Hello, Newbie and I seem to be a lousy bread maker so help needed
Hi - I am new to bread making and do everything by hand and if I am being honest I am really not doing very at all.
I want to make a soft white loaf to begin with and found a recipe on the web which after a couple of flops produced a reasonably acceptable loaf though it was still too heavy.
Then I got the River Cottage Handbook No3 “Bread” which called for a much lower ratio of liquid to flour than the 75% in the recipe I was using so I switched to the Basic Bread recipe in the book but it always seems too dry and the end results are even heavier than the former recipe but they are both tried and tested recipes so it has to be something I am doing wrong.
The River cottage recipe is 500g strong bread flour (I have Allinsons), 300ml liquid, 5g yeast and 10g salt though after a couple of real flops I switched from water to half water, half milk and switched half the flour to all purpose (Organic Plain) in an attempt to make it softer and added a teaspoon sugar to the yeast part as I use active dried yeast rather than instant yeast and that is what it said do on the tin, I have also tried adding 14g melted butter which seems to improve the flavour but doesn’t seem to do anything else.
This is the method I follow
Night before mix half the flour and warm yeasty liquid cover ( tsp sugar all the liquid and the yeast) and leave till morning. Next day morning mix more of the flour into the overnight batter and when it starts coming together add the little bit of starter dough left from last batch plus the salt, turn out and knead in most of the remaining flour stopping while its till tacky. I did try adding all of the flour before turning it out as stated in the recipe but that made it far too dry
I knead for approx 10-12 mins till dough passes window pane test then put dough into bowl sprayed with oil and leave till it doubles in size about 1 hour.

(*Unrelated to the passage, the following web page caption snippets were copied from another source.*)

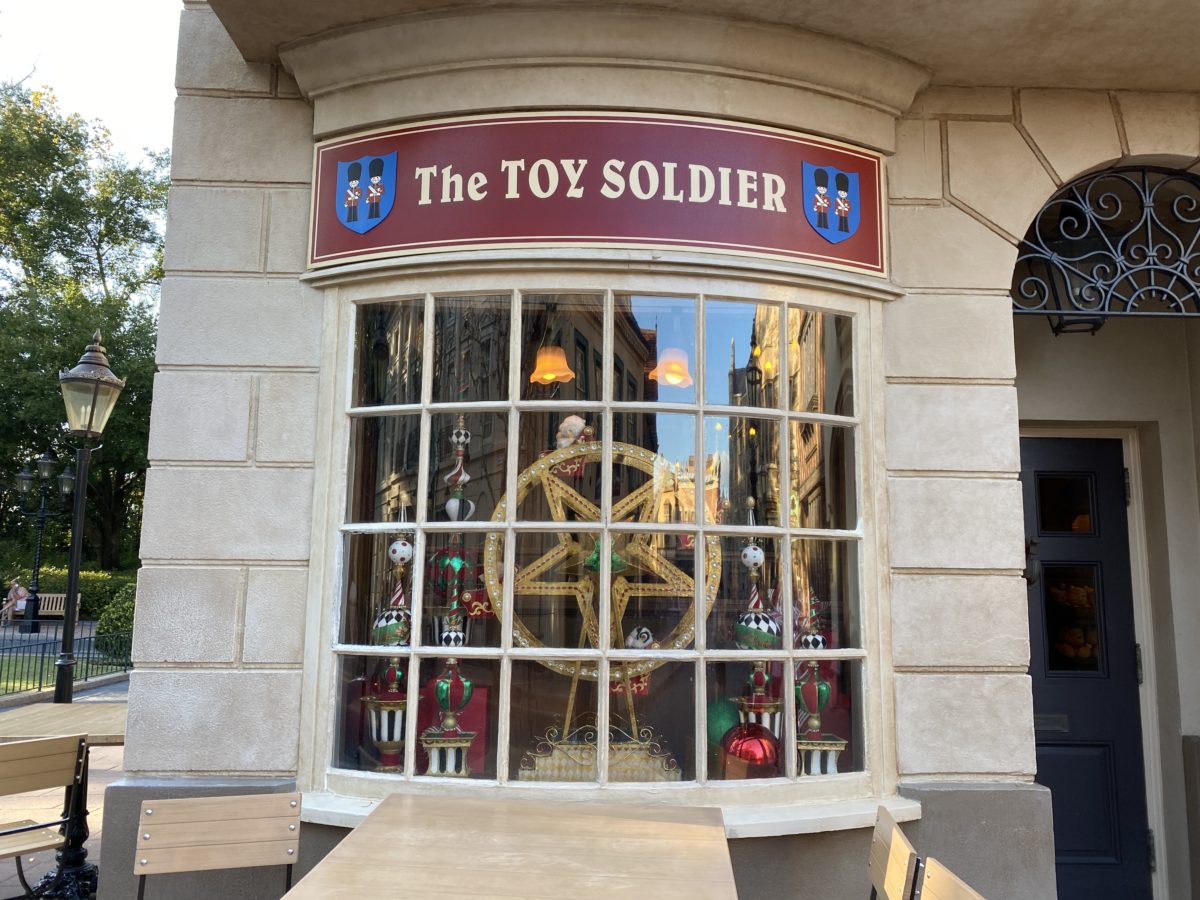 christmas-window-display-united-kingdom-pavilion-epcot-11162020-4408456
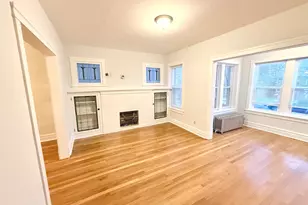 4819 W Addison St, Chicago, IL 60641 - Photo 3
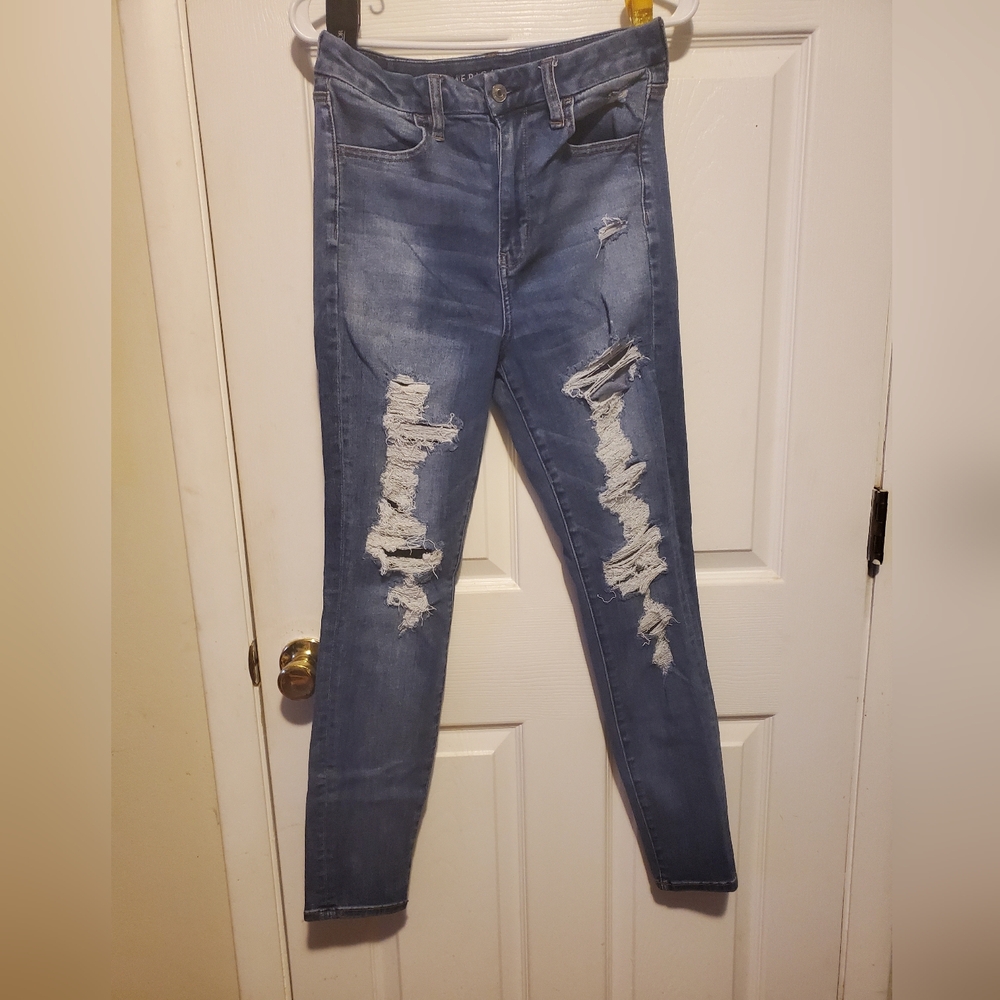 American Eagle Women's Distressed Blue Jeans
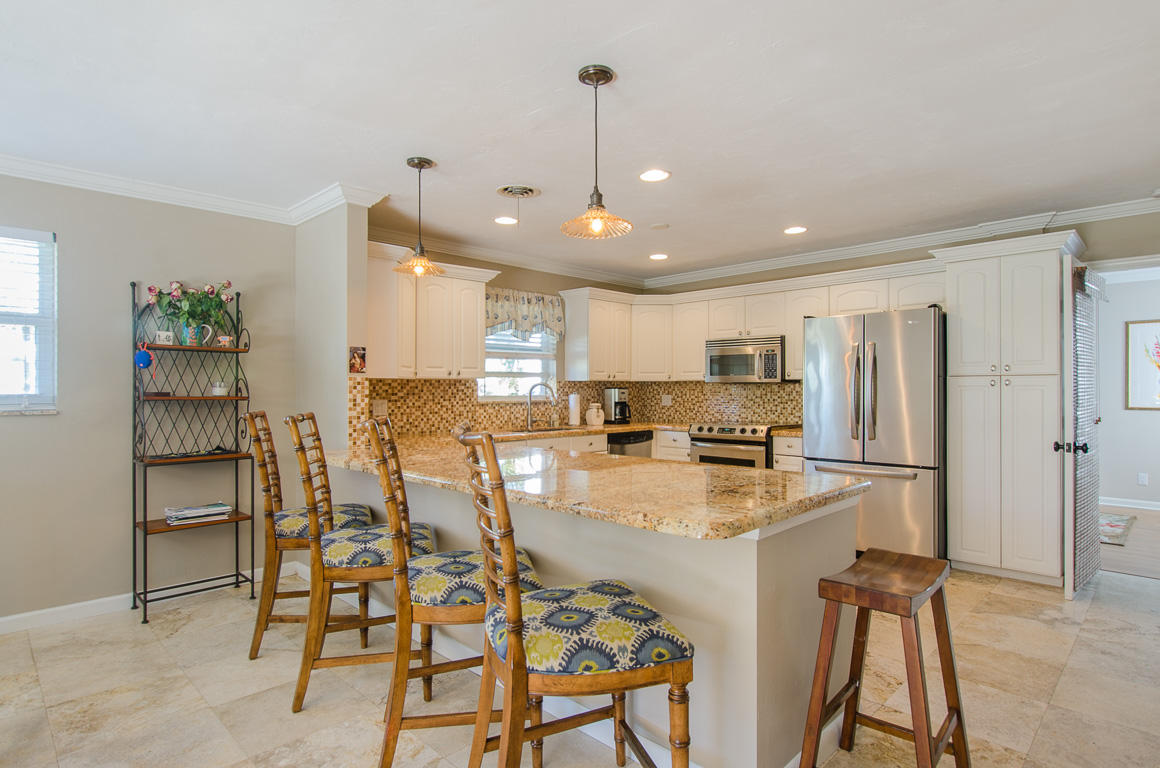 642 Southwest 5th Street Boca Raton, FL 33486 - Photo 12 of 39 642 SW 5 Street 72p-136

Turn out and flatten gently with fingers to deflate excess gas then fold, left right, right left, top bottom, bottom top and return to the bowl. Roughly an hour later when it doubles again turn out and cut off a small piece for next batch and shape the rest for a tin loaf or divide and form rolls as needed.
If making loaf put into sprayed Silverwood loaf pan and leave for final rise. When back up to size (can be another hour or more) put into heated oven. The recipe calls 240c but mine doesn’t go higher than 220-225c so I have to make do with that. Leave to bake for 10 minutes then reduce temperature to around 180c and leave to finish cooking.
When I make rolls with the dough they aren’t terrible but the loaves always seem to be much denser and can be stodgy. Most of the time it’s just about edible providing you eat it all the first day but it is heavier than it should be and even after an hour or more rising my loaves are not nearly as big as the 400g loaves you buy in the shops. They don’t rise much in the oven despite slashing the tops, using a baking stone and putting a baking tray containing boiling water at the bottom so what I end up with is at most half an inch taller than my Silverwood bread pan.
I have tried going back to basics and removing the fat and switching back the milk and plain flour but that produces an even heavier result. So I am running out of ideas and would appreciate any advice you can give.